Here’s the thing. All those incredible falls, leaps, aerials, wall-walking and split-second timing that Donald dazzled audiences with in that number, the 16-year old Donald had done five times a day - every day - in the family vaudeville act back in 1939. And he would do it all for a total of maybe 10 or 20 people at some of the midweek matinees. It didn’t matter: the most miniscule audience got exactly the same go-for-glory show a standing room only audience would get. I learned the meaning of the word “professional” from the O’Connor Family – it was the highest praise you could get from a vaudevillian.
This photo catches Donald and me when we were both young, giddy, in love with life, and just having fun in those few short hours between our five shows a day - every day - while some movie or other was running. We never watched the movies … we were much happier getting out into the daylight once in a while.
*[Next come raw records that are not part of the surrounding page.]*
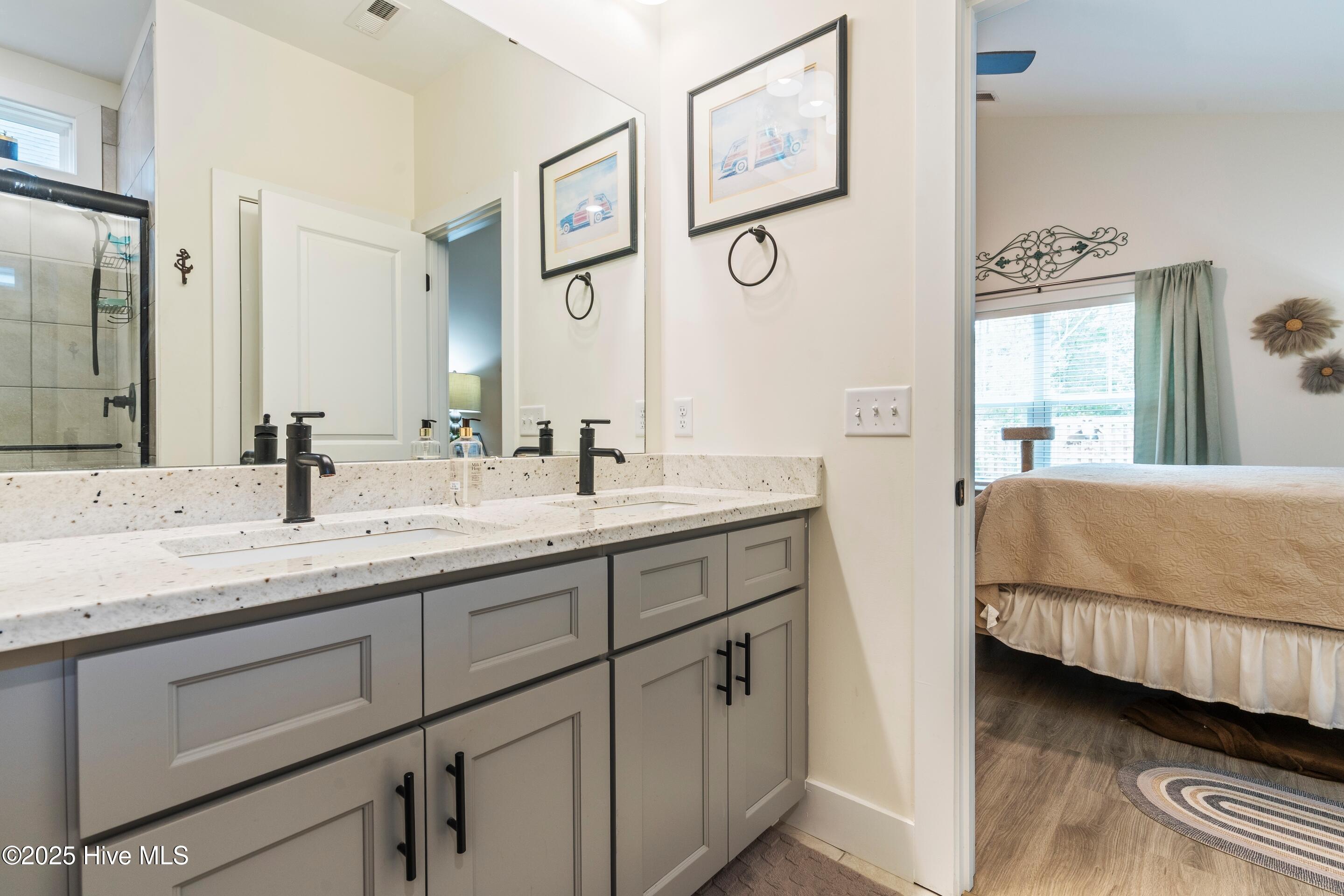 100525956 | Photo 38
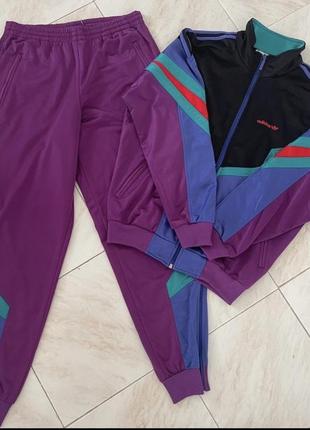 Спортивный костюм adidas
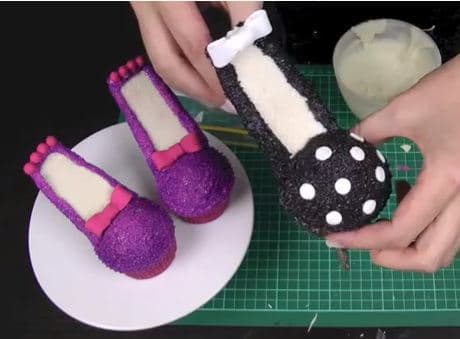 Make These Stunning Stiletto Cupcakes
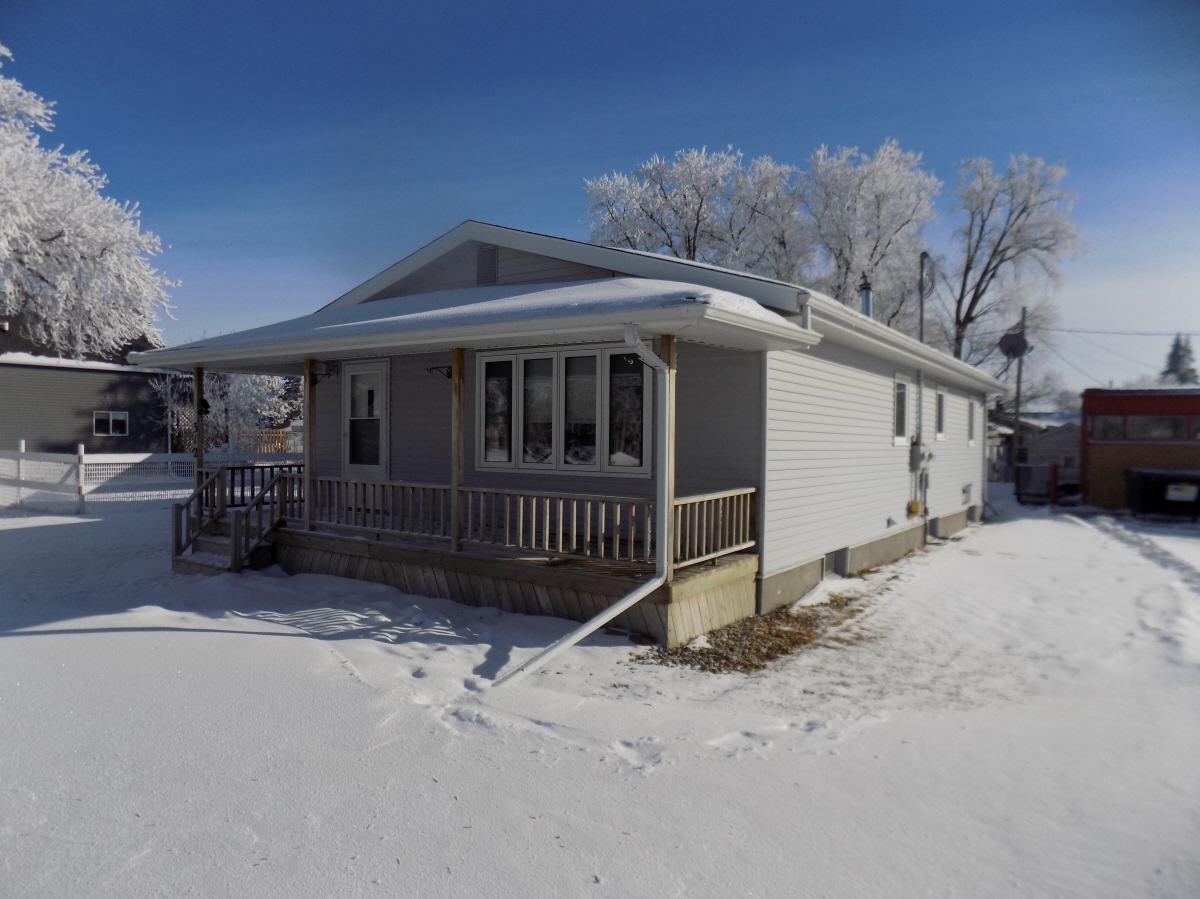 Featured Homes for Sale in Bottineau & Lake Metigoshe area Turtle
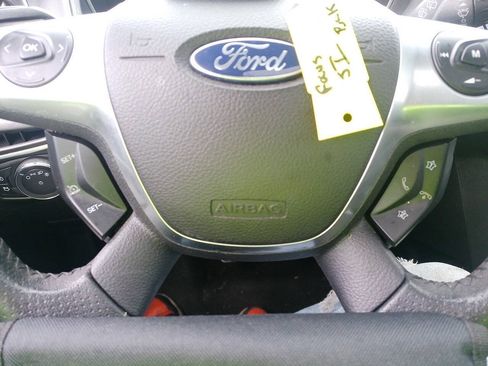 Used 2013 Ford Focus ST FWD image 30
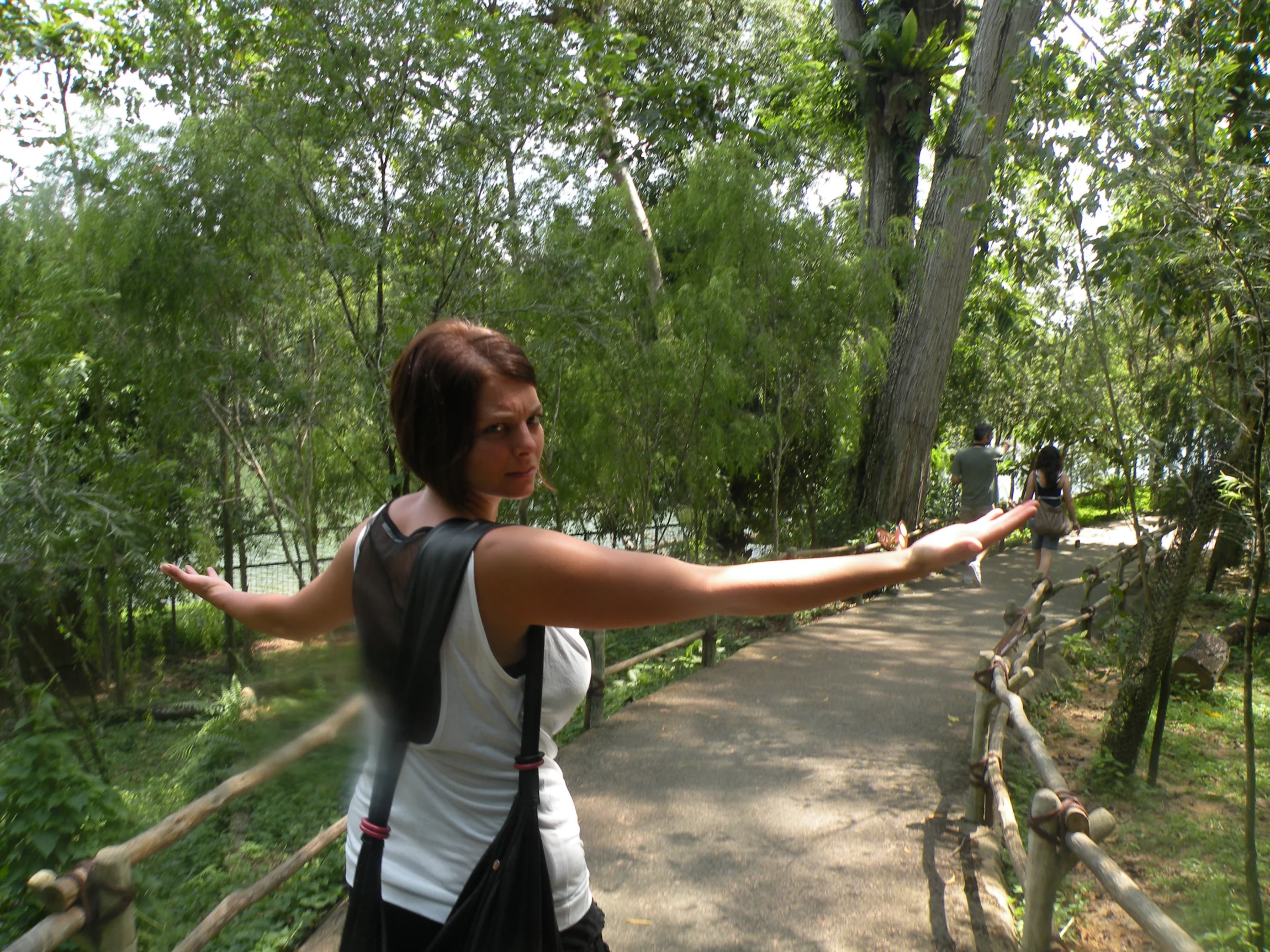 Erika v zeleni parku – Singapur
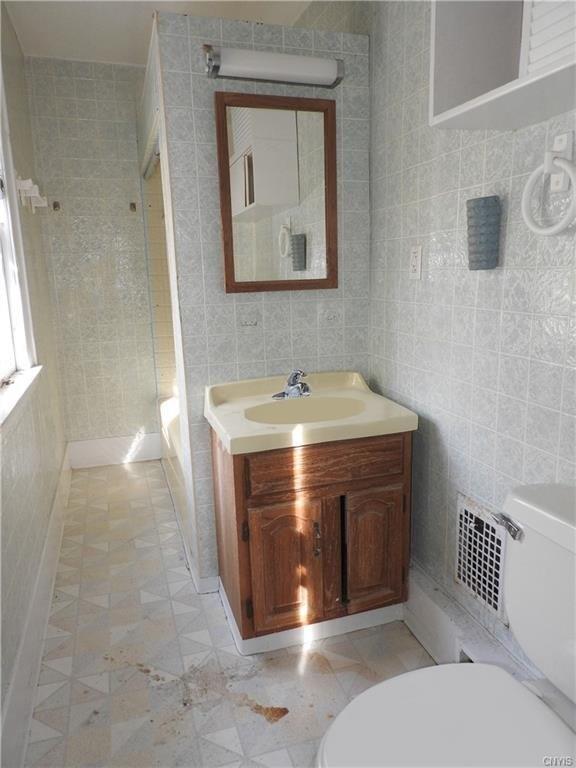 Harding Pl, Utica, NY 13501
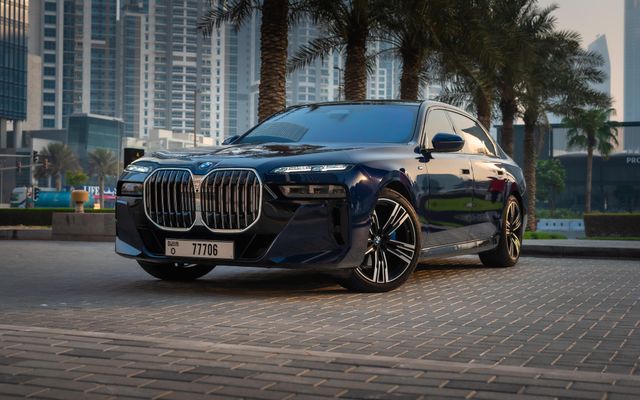BMW 735 - image 1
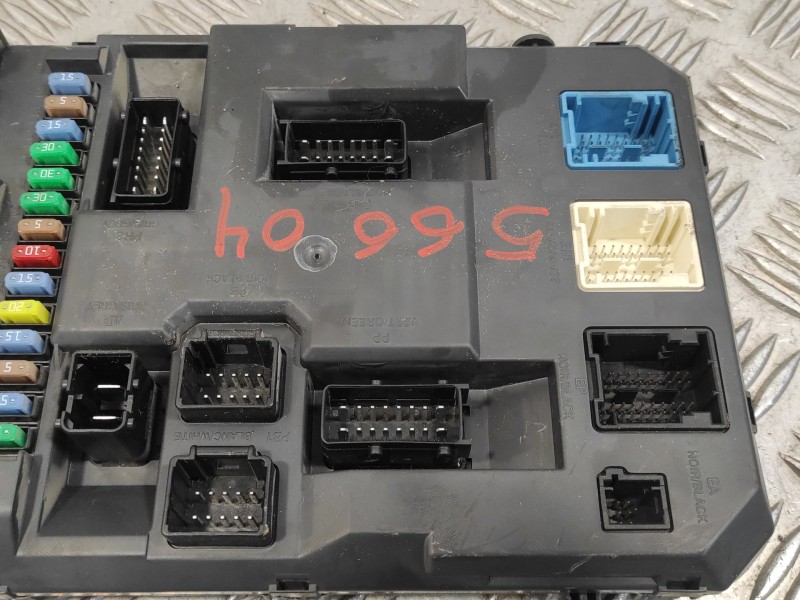 Recambio de caja reles / fusibles para citroën c3 1.4 hdi referencia OEM IAM 9666952180 PRT0677001 22661F01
To bring this story full circle I, too, can be heard on the soundtrack of “Singin’ in the Rain”. Got my Screen Actors Guild card somewhat earlier by singing on Disney soundtracks for Donald Duck and Mickey Mouse cartoons. A humble beginning, but it led to singing on soundtracks at all the major studios, primarily those huge, lavish musicals at M.G.M.
Then, suddenly, the movie musical – like vaudeville - was dead. That’s when I headed East to Broadway, where I found myself on stage in what has come to be called “The Golden Age of the Broadway Musical” during The Great White Way’s last memorable, pre-corporate days.
The other thing I learned that year was that the kind of camaraderie found in live theater is unlike anything else in life, with its instant intense relationships and no baggage attached. Very existential.